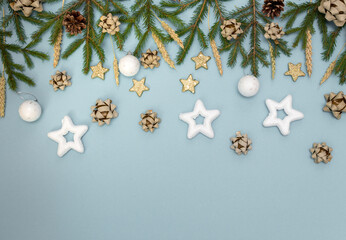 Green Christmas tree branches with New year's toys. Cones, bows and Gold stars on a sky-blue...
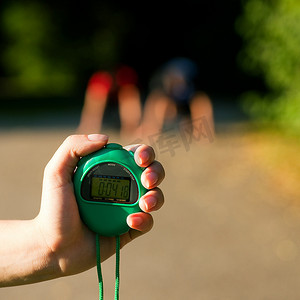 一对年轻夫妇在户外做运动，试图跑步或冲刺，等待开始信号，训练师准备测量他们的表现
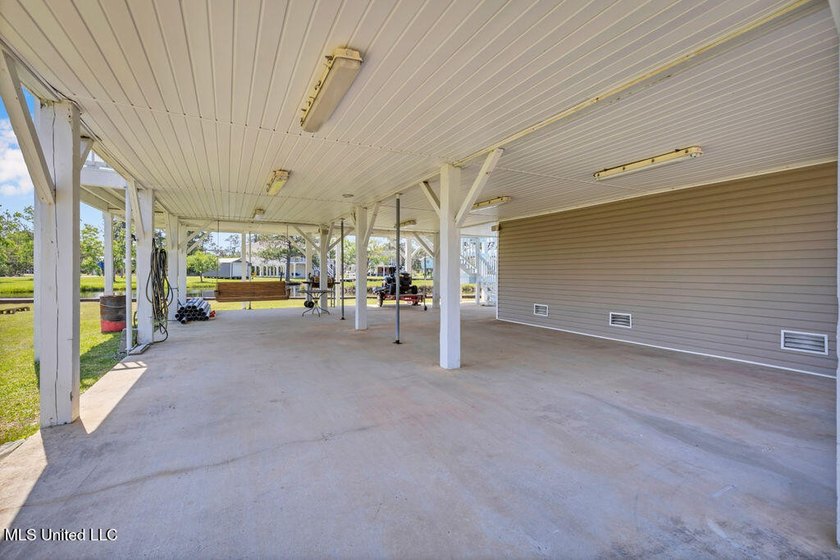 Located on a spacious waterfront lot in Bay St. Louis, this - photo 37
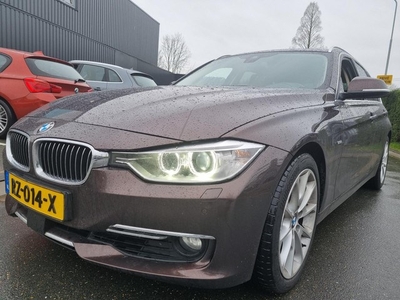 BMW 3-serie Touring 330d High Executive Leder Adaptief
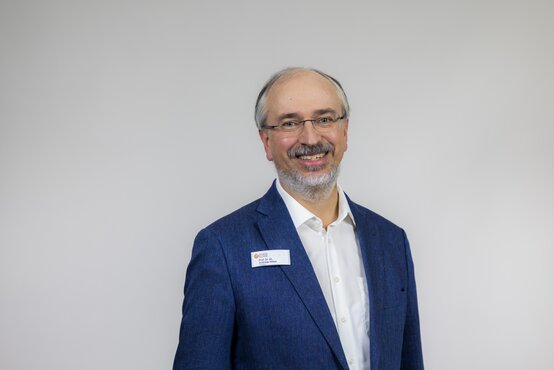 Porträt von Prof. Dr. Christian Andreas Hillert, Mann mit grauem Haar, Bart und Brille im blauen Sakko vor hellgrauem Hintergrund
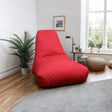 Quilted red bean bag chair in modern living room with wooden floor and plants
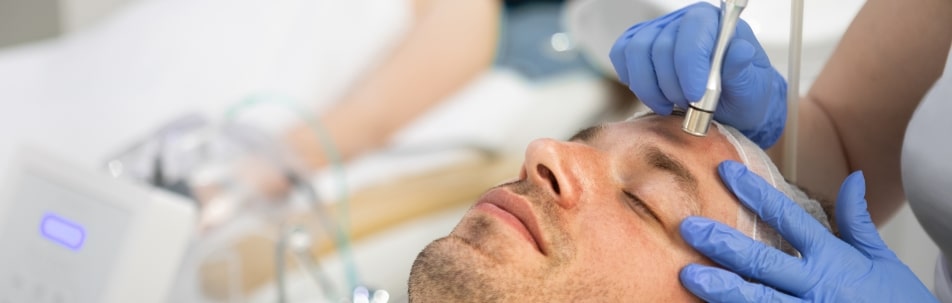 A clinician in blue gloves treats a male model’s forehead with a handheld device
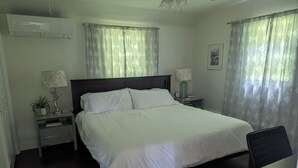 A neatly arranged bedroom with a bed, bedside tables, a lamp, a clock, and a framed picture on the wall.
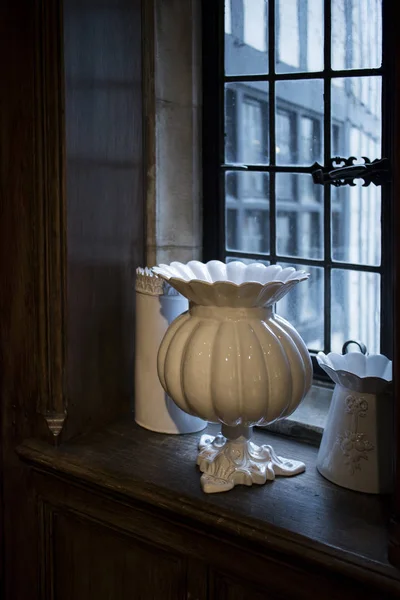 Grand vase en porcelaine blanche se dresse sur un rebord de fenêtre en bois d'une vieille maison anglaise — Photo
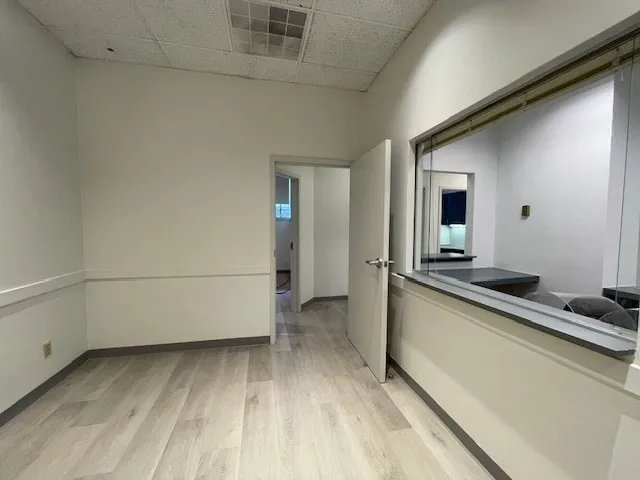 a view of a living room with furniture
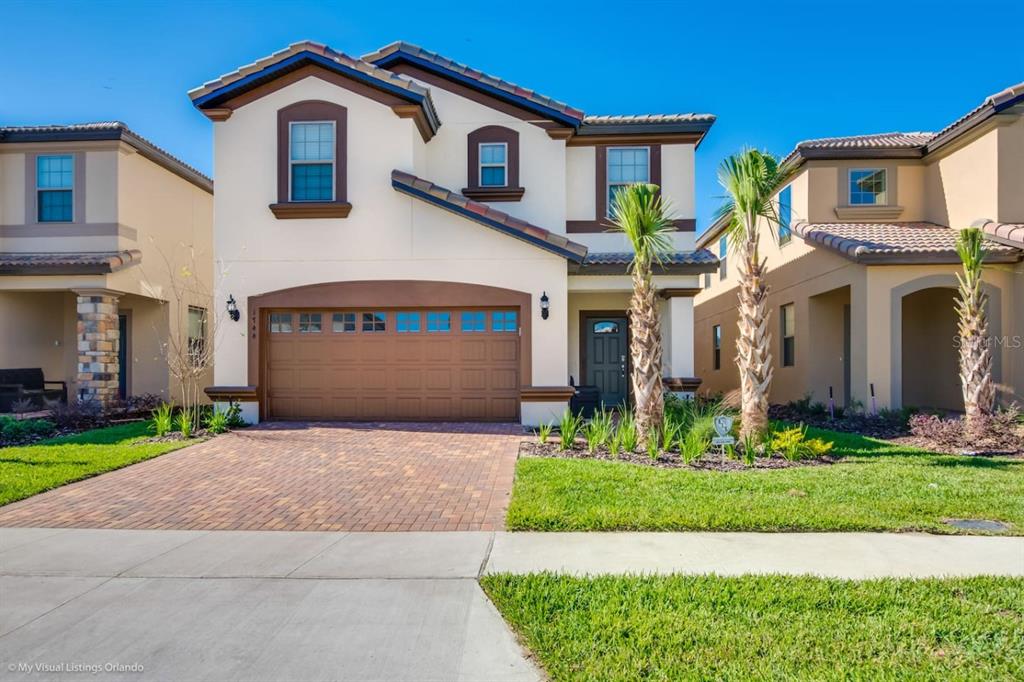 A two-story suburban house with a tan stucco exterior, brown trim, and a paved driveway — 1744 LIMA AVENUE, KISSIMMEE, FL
----------
TRY IT: Leave the pictures out and reproduce exactly the lines from the top of the listing above through the line with "BMW 3-serie Touring".

PROBLEM SOLUTION:
 Green Christmas tree branches with New year's toys. Cones, bows and Gold stars on a sky-blue...
 一对年轻夫妇在户外做运动，试图跑步或冲刺，等待开始信号，训练师准备测量他们的表现
 Located on a spacious waterfront lot in Bay St. Louis, this - photo 37
 BMW 3-serie Touring 330d High Executive Leder Adaptief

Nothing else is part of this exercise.